When multiple people teach their own courses using existing the same curricular materials (like a textbook, for example), there is almost always a lot of customization that goes on at the local level. Professor A skips chapters 2 and 3. Professor B uses her own homework assignments instead of the end-of-chapter problems. Professor C adds in special readings for chapter 7. And so on. With paper-based books, we really have no way of knowing what gets used and reused, what gets customized (and how it gets customized), and what gets thrown out. Recent digital platforms, particularly from the textbook publishers, are moving in the direction of being able to track those things. But academia hasn’t really internalized this notion that courses are more often customized than built from scratch, never mind the idea that their customizations could (and should) be shared for the sake of collective improvement. What we want is a platform that makes the potential for this virtuous cycle visible and easy to take advantage of without forcing participants to sacrifice any local control (including the control to take part or all of their local course private if that’s what they want to do).

OAE allows a user to create content that can be published into groups. But published doesn’t mean copied. It means linked. We could have the canonical copy of the ETV personalized learning MOOC (for example), that includes all the episodes from all the case studies plus any supplemental materials we think are useful. The educational technology director at Some State University (SSU) could create a group space for faculty and other stakeholders from her campus. She could choose to pull some, but not all, of the materials from the canonical course into her space. She could rearrange the order. You may recall from part 3 that Discourse can integrate with WordPress, spawning a discussion for every new blog post. We could easily imagine the same kind of integration with OAE. Since anything the campus facilitator pulls from the canonical course copy will be surfaced in her course space rather than copied into it, we would still have analytics on use of the curricular materials across the cohorts, then any discussions in Discourse that are related to the original content items would maintain their linkage (including the ability to automatically publish the “best” comments from the thread back into SSU’s course space). The facilitator could also add her own content, make her space private (from the default of public), and spawn private cohort-specific conversations. In other words, she could make it her own course.

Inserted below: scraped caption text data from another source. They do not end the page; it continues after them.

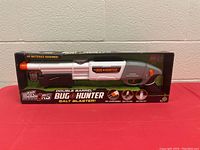 Photo of boxed Bug Hunter Double Barrel Salt Blaster bug gun from Air Warriors, showing front of packaging with product name and size visible.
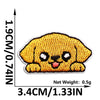 A yellow embroidered patch of a puppy face with black details.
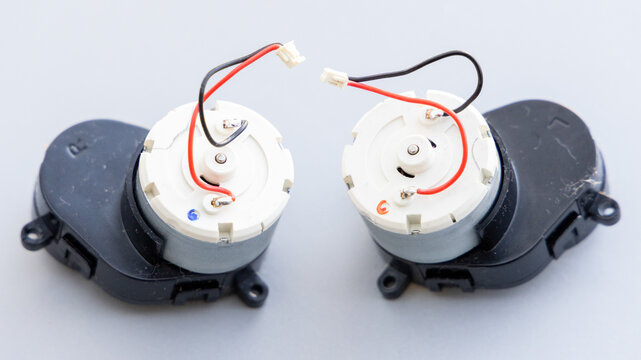 Two Small Electric DC Motors With Wires and Connectors on a Light Background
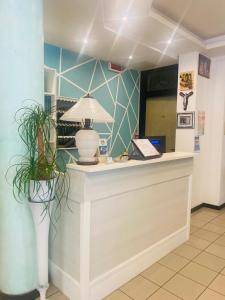 a lobby with a counter with a lamp and plants at Hotel Criniera D'oro in Rimini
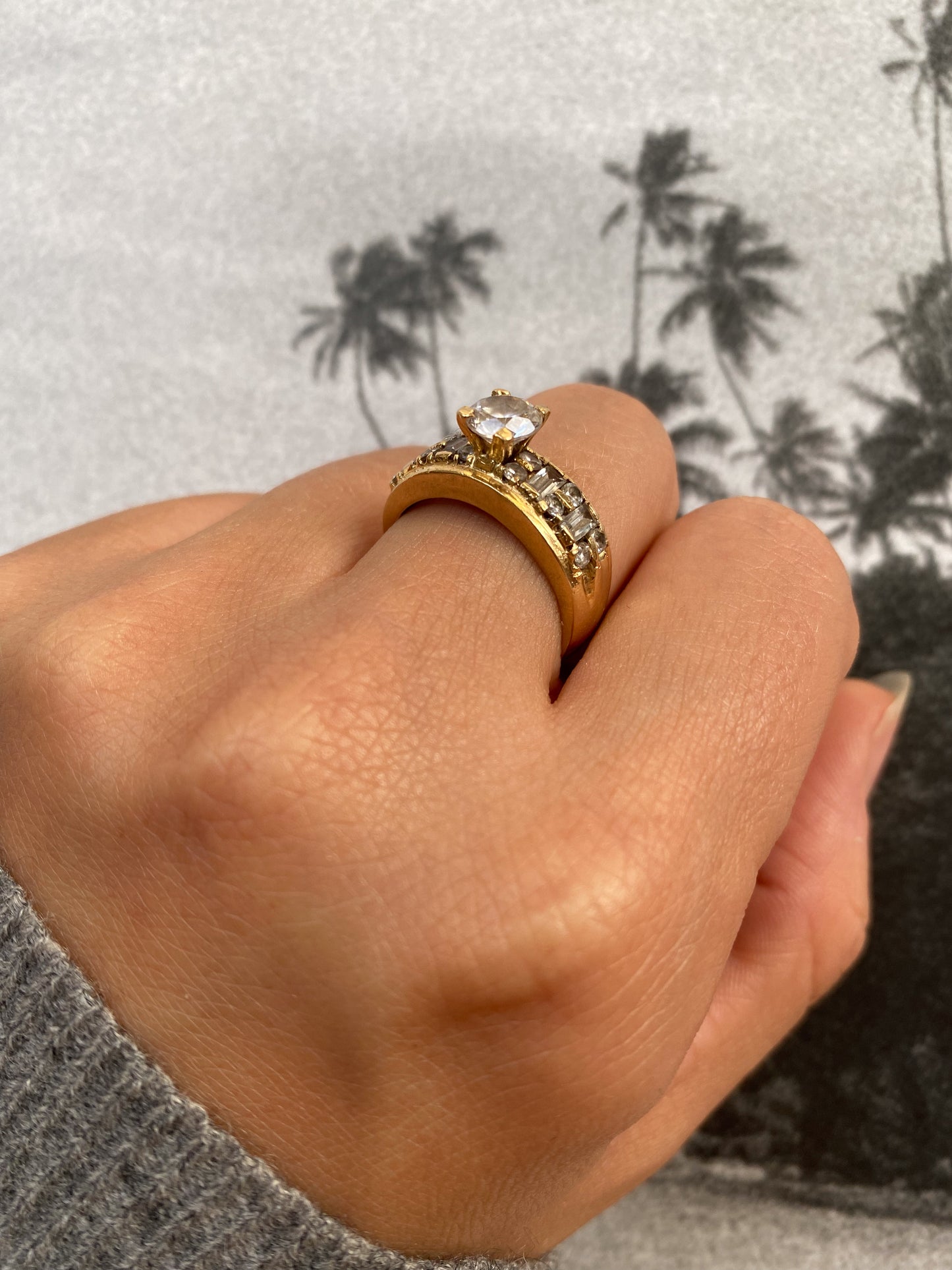 14 carat gold ring with baguette and round cut strass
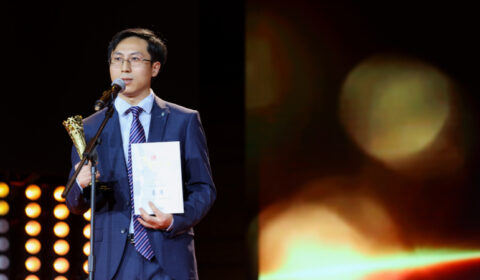 a man wearing a suit and tie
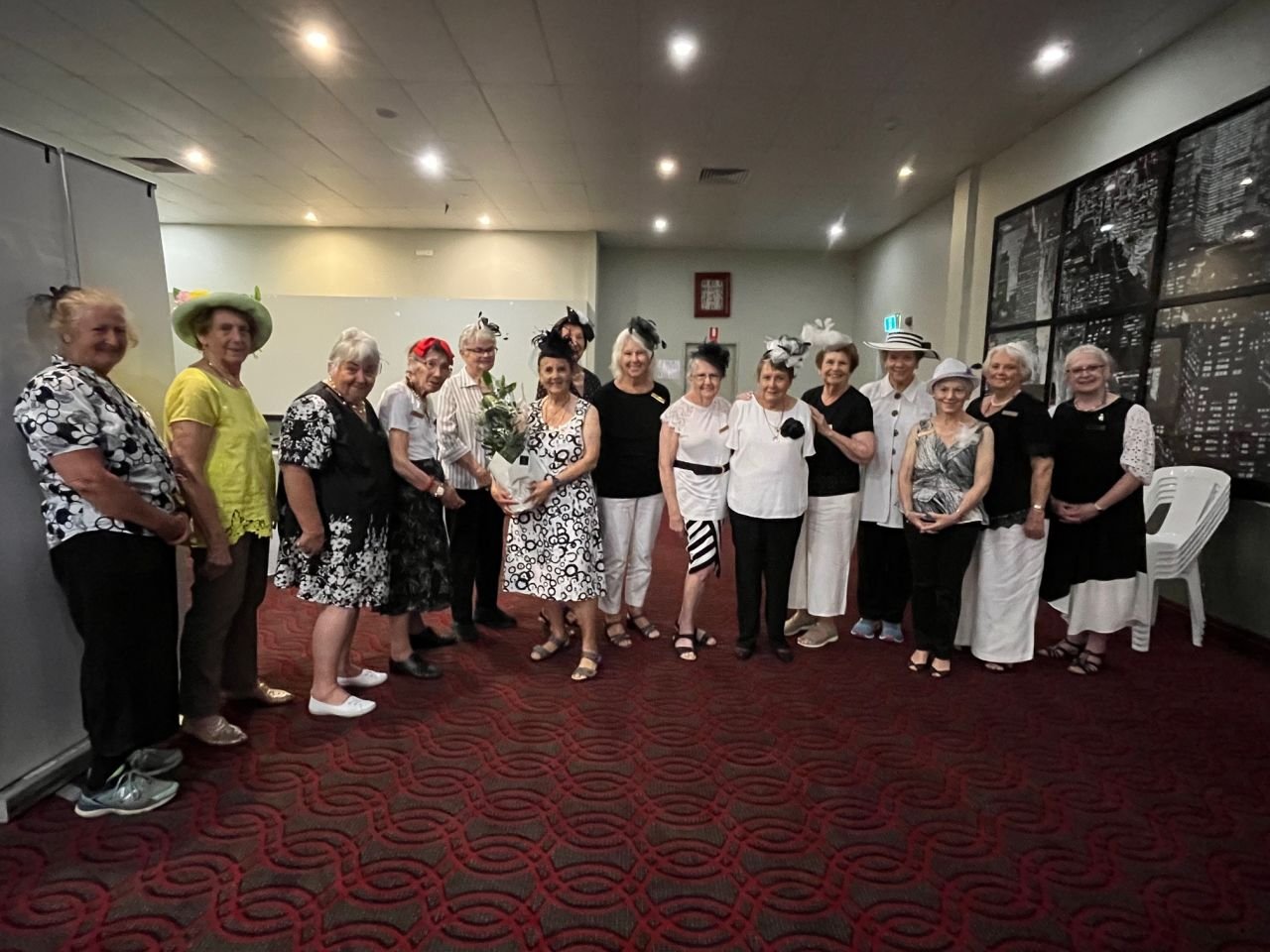 Members dressed in black and white themed Fashions of the Field at our 2024 post-Melbourne Cup November branch meeting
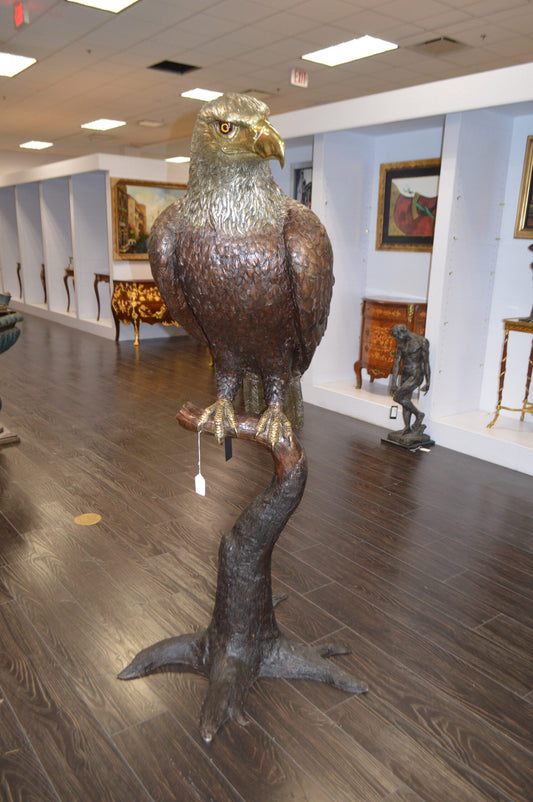Large Eagle Standing On A Branch Bronze Statue - Size: 30"L x 40"W x 70"H.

I slipped the first bit of magic into that last sentence. Did you catch it? When the campus facilitator creates a new document, the system can automatically spawn a new discussion thread in Discourse. By default, new documents from the local cohort become available for discussion to all cohorts. And with any luck, some of that discussion will be interesting and rewarding to the person creating the document. The cheap thrill of any successful social media platform is having the (ideally instant) gratification of seeing somebody respond positively to something you say or do. That’s the feeling we’re trying to create. Furthermore, because of the way OAE share documents across groups, if the facilitator in another cohort were to pull your document into her course design, it wouldn’t have to be invisible to you the way creating a copy is. We could create instant and continuously updated feedback on the impact of your sharing. Some documents (and discussions) in some cohorts might need to be private, and OAE supports that, but the goal is to get private, cohort- (or class-)internal sharing feel something like direct messaging feels on Twitter. There is a place for it, but it’s not what makes the experience rewarding.

To that end, we could even feed sharing behavior from OAE into the trust analytics I described in part 3 of this post series. One of the benefits of abstracting the trust levels from Discourse into an external system that has open APIs is that it can take inputs from different systems. It would be possible, for example, to make having your document shared into another cohort on OAE or having a lot of conversation generated from your document count toward your trust level. I don’t love the term “gamification,” but I do love the underlying idea that a well-designed system should make desired behaviors feel good. That’s also a good principle for course design.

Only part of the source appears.